Data section start

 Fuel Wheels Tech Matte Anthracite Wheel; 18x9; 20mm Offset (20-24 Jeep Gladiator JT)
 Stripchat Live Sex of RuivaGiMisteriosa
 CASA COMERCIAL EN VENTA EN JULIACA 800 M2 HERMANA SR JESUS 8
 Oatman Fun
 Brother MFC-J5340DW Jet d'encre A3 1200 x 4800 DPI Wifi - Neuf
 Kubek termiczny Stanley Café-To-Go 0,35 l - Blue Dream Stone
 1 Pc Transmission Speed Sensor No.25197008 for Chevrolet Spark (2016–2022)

Data section end
Data section start

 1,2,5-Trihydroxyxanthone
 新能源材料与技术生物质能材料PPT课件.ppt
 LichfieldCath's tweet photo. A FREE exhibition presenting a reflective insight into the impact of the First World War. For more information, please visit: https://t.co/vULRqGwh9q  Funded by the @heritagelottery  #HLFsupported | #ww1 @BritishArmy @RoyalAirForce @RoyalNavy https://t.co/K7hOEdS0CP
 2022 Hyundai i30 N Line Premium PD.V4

Data section end

Activity » Above are the records; print exactly the lines from the line with "LichfieldCath's tweet photo." to the line with "2022 Hyundai i30 N Line Premium PD.V4", including both, and nothing else.

Your solution »
 LichfieldCath's tweet photo. A FREE exhibition presenting a reflective insight into the impact of the First World War. For more information, please visit: https://t.co/vULRqGwh9q  Funded by the @heritagelottery  #HLFsupported | #ww1 @BritishArmy @RoyalAirForce @RoyalNavy https://t.co/K7hOEdS0CP
 2022 Hyundai i30 N Line Premium PD.V4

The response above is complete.